Listen to Your Customers
It should go without saying the event organizers need to have a pulse on the needs of their participants. But as Running USA CEO Rich Harshbarger noted, organizers need to do even more. In this era of data collection, organizers need to do a better job mining that information to figure out how they can adjust to trends.
One interesting example that came out of such an effort was the TATA Mumbai Marathon in India. As Ashish Bhushan, the race’s director of business development, noted, the marathon recently undertook a deep survey of its participants, asking why people were interested in running the event. The answer differed based on how many times they had run the race. Initially, people were interested in achieving a fitness goal. Then it became a matter of recording a personal best. Over time, however, people came back for their ninth or 10th race because they felt running just made them better human beings. They reported being more attentive to their families, more productive at work, more engaged with their friends. That data led to a new marketing campaign for the race with the slogan of “Be Better.” In two words, the organizers used data to capture the essential “why” for people who were considering entering the race or coming back for more.

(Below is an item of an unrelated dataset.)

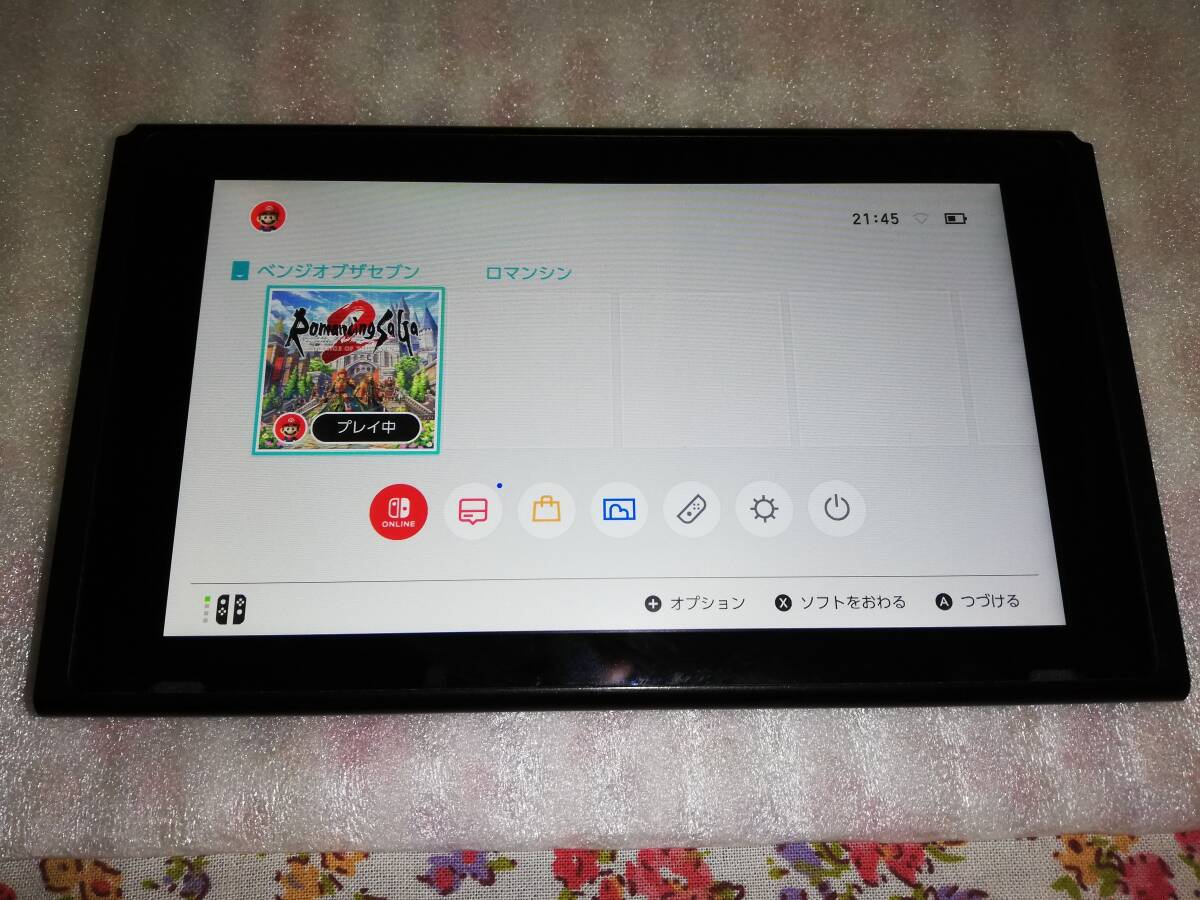 任天堂スイッチ本体のみ旧型 - メルカリ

Impress Your Rights Holders
It never hurts to go the extra mile for the organizations bringing events to your host cities. That can be small gestures or they can be grand statements. In Lanzhou, the local organizing committee of the IAAF Global Running Conference definitely went the grand route. An hour after the Lanzhou International Marathon began, race officials and conference organizers moved over to the city square where yet another monument affiliated with the race was unveiled.
This one, however, had the conference logo as well as giant versions of the IAAF and the Chinese Athletics Association (the national governing body for the sport), which served as co-organizers. The monument was over 7 feet tall and will serve as a lasting legacy for a two-day business conference for years to come. (The LOC said it paid for the piece by selling local sponsorships.) If you think a proclamation from your mayor is enough to show appreciation, think about the impression this monument must have left for the IAAF as it considers future locations for its events. Not everyone can afford such an extravagance, of course, but thinking creatively about the impression your city leaves can lead to positive impressions in years to come.